Zeke ignored him. “Mister Sasquatch, I’m going to take this cuff off you now, all right? Please don’t … please don’t pull my head off, or anything. I’m only trying to help.”

“You’re insane.”

“Here, like this. I’m taking your arm now. Don’t hurt me or nothing, ’cause I’m not trying to hurt you.”

The chain rattled dully in Zeke’s gloved grip as he wrestled with the key and did his best to keep from hurting the manacled thing on the floor. The sasquatch studied his every move, either waiting for an opportunity or only trying to figure out what the hell was going on, Rector didn’t know. When the cuff came off, it dropped with a heavy clank and kicked up a tiny cloud of angry dust.

Immediately, but slowly, the creature reached his hand up and touched the filtered helmet.

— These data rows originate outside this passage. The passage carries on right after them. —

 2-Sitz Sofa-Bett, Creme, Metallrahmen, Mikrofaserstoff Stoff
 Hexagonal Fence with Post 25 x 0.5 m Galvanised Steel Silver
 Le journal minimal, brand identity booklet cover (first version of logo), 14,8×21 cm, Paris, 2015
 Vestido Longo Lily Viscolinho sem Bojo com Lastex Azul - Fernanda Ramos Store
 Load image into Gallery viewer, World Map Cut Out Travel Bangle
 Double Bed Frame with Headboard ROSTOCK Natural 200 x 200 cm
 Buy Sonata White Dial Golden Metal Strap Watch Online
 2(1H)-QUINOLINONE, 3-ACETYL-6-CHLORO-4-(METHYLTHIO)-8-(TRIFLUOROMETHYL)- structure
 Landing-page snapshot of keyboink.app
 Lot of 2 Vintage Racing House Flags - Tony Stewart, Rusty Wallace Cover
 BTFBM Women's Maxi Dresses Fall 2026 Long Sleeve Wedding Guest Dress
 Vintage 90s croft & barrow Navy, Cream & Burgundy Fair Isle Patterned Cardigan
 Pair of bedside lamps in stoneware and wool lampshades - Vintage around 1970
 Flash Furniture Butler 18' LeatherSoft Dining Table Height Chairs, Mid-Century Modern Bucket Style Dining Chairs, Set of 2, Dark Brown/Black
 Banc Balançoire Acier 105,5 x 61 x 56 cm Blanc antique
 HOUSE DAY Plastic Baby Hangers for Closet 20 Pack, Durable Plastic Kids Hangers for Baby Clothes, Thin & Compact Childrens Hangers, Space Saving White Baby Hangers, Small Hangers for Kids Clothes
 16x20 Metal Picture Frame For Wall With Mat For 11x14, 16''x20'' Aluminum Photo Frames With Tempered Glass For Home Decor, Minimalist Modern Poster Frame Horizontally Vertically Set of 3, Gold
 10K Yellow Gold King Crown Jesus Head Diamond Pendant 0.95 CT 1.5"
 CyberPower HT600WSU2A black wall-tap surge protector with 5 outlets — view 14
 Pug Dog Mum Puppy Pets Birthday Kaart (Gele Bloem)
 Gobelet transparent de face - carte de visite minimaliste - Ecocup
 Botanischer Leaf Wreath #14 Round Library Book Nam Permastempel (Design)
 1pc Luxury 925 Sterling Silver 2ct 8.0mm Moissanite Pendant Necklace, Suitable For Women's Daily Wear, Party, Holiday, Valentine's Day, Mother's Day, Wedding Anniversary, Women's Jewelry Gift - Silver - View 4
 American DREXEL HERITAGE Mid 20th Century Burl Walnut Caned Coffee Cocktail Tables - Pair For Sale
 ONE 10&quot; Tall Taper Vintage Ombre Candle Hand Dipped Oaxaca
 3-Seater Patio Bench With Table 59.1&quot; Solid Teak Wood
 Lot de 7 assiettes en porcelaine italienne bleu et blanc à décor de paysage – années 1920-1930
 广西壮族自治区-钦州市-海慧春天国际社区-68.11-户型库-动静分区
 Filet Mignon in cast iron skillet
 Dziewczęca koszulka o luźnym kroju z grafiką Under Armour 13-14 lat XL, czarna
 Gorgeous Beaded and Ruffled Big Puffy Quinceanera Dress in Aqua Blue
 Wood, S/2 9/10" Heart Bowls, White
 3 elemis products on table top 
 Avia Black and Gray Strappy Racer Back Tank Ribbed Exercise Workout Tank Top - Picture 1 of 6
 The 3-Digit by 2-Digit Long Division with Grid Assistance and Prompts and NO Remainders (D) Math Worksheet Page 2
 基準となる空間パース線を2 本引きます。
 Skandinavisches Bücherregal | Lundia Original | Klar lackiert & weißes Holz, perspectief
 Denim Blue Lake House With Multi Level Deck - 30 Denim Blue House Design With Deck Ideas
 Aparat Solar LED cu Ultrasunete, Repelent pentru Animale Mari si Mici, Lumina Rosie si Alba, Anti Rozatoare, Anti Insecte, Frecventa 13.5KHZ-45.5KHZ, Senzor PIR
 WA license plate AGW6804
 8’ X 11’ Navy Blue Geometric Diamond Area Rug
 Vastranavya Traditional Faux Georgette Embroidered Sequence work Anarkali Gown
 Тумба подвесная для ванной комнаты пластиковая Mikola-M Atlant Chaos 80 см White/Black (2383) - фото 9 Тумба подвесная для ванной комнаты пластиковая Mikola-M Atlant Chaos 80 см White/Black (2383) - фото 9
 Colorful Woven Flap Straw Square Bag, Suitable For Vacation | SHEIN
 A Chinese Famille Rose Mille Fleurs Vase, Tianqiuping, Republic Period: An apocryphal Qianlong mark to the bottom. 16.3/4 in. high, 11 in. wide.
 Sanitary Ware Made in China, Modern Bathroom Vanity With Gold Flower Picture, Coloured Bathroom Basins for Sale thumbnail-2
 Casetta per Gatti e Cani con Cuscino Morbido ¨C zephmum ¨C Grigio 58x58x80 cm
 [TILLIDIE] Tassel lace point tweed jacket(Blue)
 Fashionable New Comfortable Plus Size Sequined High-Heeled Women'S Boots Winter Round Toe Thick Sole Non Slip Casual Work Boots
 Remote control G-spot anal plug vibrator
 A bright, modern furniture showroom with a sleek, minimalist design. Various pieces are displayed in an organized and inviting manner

As if it hadn’t occurred to him that it was a bad idea, Zeke shot his hand out and took the thing’s wrist. “No!” he said quickly, then withdrew just as fast as he’d objected. Rector knew that look—it was a gesture he’d seen a hundred times on the outside, when other kids had picked on Zeke and he’d ducked back, waiting to get hit.

He didn’t get hit.

“You … you got to leave it on, see?” Zeke did his best to explain, but confusion and discomfort was written all over the thing’s puffy, dark-colored face. “You got to leave it on. But not for too much longer—because we’re taking you outside.”

“I think it’s too soon.”

Over his shoulder, Zeke said, “He’ll die of thirst if we leave him here too much longer, and he can’t have anything to drink while he’s in the helmet. You can tell he’s better. All we have to do is get him outside.”

“If you say so.”

“Just help me, would you?”

“How?” Rector asked.

Zeke made a frustrated little noise in response. “Stay out of the way, I guess. And if this thing kills me, run home and tell my mother so she don’t wonder what happened.”

“Great. I’ll do that.” And she’ll blame me, he added in his head. “Did you even bring a gun?”

“No. You heard what the princess said about guns.”

The whole time he talked, Zeke kept eye contact with the creature, and not Rector. He took a step back, and then another one. He held out his hands in an inviting gesture, urging the creature to stand up and follow him. “Come on, Sasquatch. Let me help you get home. Let me get you out of here.”

Not wholly convinced, but game to see where this was headed, the sasquatch scooted unsteadily to his feet. He folded his legs under himself and shoved, bracing his hands on the wall, on the floor, on the window frame and the half-rusted bars that still filled it. The cuff on his other hand fell slack, its chain already dislodged from the manacle and the wall, both.

“He could’ve walked out of here anytime,” Rector marveled.

“Maybe. I don’t know. The other lock was in better shape, and he’s pretty weak right now.” Zeke backed away farther, to the door’s edge, to the spot where Rector was stuck as if there were nails holding his feet down to the hard-packed earth floor.

The sasquatch followed him, wobbling and scratching at the seal around his neck.

“Oh … boy…”

“Hush up, Rector. He’s doing fine.”

Out through the front doorway where there wasn’t any door left to close, and into the deserted streets where there wasn’t any fire anymore, the inexplicable followed Zeke. Stalked him, even. His legs weren’t very stable and his head looked ridiculous inside that globe, but he didn’t pry the mask off, and he didn’t tear Zeke’s head off. Rector didn’t have anything to do except look out for rotters.